Koton, sürdürülebilir üretim anlamında hangi belge ve sertifikalara sahip?
Koton’da sürdürülebilirlik çalışmalarımız, Yaşama Saygı adını verdiğimiz çatı felsefe ile şekilleniyor. Sürdürülebilir Kalkınma Amaçları rehberliğinde devam eden çalışmalarımızda özellikle çevre ve toplum başlıklarında ulusal ve uluslararası standartlar, belge, sertifika, akreditasyonlar da odağımızda yer alıyor.

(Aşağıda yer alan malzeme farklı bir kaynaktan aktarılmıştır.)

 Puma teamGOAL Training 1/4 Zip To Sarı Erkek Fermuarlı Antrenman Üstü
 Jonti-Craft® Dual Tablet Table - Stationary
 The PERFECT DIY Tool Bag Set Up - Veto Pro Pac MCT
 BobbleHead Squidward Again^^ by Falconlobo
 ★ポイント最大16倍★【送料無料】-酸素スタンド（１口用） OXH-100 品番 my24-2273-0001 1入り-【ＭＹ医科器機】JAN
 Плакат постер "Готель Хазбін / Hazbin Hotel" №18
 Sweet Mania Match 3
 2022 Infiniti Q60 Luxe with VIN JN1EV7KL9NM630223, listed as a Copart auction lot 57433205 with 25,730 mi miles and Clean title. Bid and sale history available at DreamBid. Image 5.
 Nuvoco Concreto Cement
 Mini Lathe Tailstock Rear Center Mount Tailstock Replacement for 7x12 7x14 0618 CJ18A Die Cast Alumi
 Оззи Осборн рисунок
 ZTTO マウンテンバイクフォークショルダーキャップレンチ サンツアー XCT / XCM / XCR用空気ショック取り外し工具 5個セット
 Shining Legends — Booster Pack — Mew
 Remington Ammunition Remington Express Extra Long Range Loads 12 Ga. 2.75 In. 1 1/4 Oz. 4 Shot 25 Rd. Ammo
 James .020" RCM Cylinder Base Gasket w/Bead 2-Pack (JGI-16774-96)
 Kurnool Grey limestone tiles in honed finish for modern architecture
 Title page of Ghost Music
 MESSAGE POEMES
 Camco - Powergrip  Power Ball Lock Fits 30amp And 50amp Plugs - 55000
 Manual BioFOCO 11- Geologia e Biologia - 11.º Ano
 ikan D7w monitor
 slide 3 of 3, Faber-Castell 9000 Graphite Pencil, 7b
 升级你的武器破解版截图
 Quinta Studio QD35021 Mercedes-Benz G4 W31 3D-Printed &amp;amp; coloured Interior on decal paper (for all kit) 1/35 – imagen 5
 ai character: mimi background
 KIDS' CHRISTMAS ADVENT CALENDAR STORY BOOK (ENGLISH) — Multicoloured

Yaşama Saygı Manifestosu’yla birlikte çok önemli bir adım atarak Türkiye’de Better Cotton’a üye olan ilk Türk markası olduk. Aynı zamanda UNDP’nin Toplumsal Cinsiyet Eşitliği ve Kadının Güçlenmesi Prensipleri doğrultusunda oluşturulan WEPs’i 2016 yılında imzalayan ilk şirketlerden biriyiz. Kapsayıcı İş Modeli ile GAP idaresi himayesinde kurulan ÇATOM (Çok Amaçlı Toplum Merkezi) iş birliği ve UNDP teknik desteği ile Güney Doğu Anadolu’da hayata geçirdiğimiz El Emeği Koleksiyonu, Global Compact Business Call To Action programında yer alıyor.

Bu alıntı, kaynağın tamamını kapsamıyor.